One last point I want to make before washing my hands of all this. Quite a few detractors were accusing Geoffrey of going too far, of not truly honoring the pulp antecedents he claimed to be drawing inspiration from. "Lovecraft and Howard often spoke of 'unnameable horrors' for a reason," went the argument. "We don't have to have the 'unspeakable' rituals graphically detailed in order to feel horrified." Oh really? People seem pretty dang horrified to me. And I would seriously doubt that, if Howard or Lieber were alive and writing today, they would hold back in the graphic description department. They pushed the envelope as it was. (Lovecraft, I think, would still be circumspect, both because it was his shtick and the guy was pretty much asexual anyway.) The reason they didn't go into more detail was thanks to folks like Anthony Comstock, the sexual neuter who passed a series of laws basically trying to outlaw any references to sex anywhere, any time. We live in a time when, thank goodness, we're allowed to actually write about what we want and not fear arrest or prosecution.
There were a couple detractors who were openly advocating reporting Geoffrey to the FBI for trafficking child pornography. These reactionary morons would happily return to a time of government censorship, in which the horrors of the world were swept under the rug, ignored, as if that would somehow make them go away. By addressing the horrors of the world, through a safe, fictional thought exercise, by examining why we feel horrified at child murder but not the murder of other creatures, we can explore a bit about ourselves, our culture, what's important to us, and the meaning of morality. Pretty heady stuff for something that's ostensibly just about sitting around and rolling dice for a few hours on the weekend. This is why I love RPGs above any other form of entertainment--it has the capacity to be thought-provoking, to be as deep or as shallow as you want it to be, because it's a truly active rather than passive activity.
I guess I'd just like to thank Geoffrey for publishing a provocative piece, something that doesn't just rehash the same tired tropes, a book that breathes a bit of good old-fashioned controversy into the old school community, of which I am increasingly feeling a part of. So thank you, sir. I will sacrifice twenty children in your honor tonight.

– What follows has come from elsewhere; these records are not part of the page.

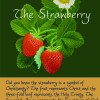 strawberry-symbol-symbology-lois-wagner-necklace c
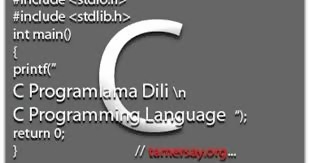 En çok hangi programlama Yazılımı Kullanılmaktadır?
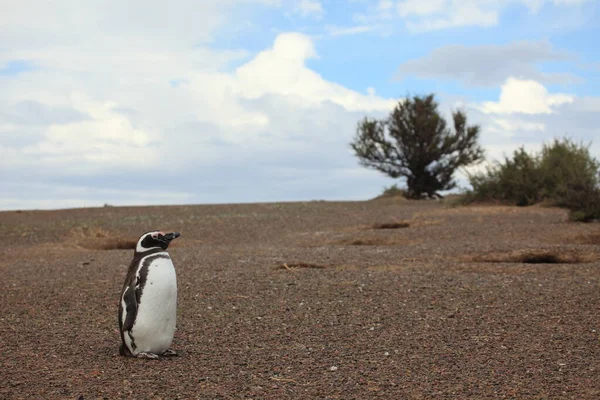 Magellaanse Pinguïns Overdag Bekijken — Stockfoto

In all seriousness, and to sum up, playing the "bad guy" sorcerer is not something I'm interested in, but I'm sure glad the rituals were included. For one thing, they serve to establish tone. Carcosa is a world of savage, amoral brutality. Furthermore, they serve to heighten tension. I know, for example, if I had a character who was trying to save a loved from a horrific sacrificial ritual, knowing what was going to happen to such loved one would absolutely spur me on and really make the rescue mean something. Geoffrey made the point that he considered making the ritual descriptions more neutral and "safe" but that they seemed thin and ineffective that way. I couldn't agree more. Hooray for danger, and hooray for controversy!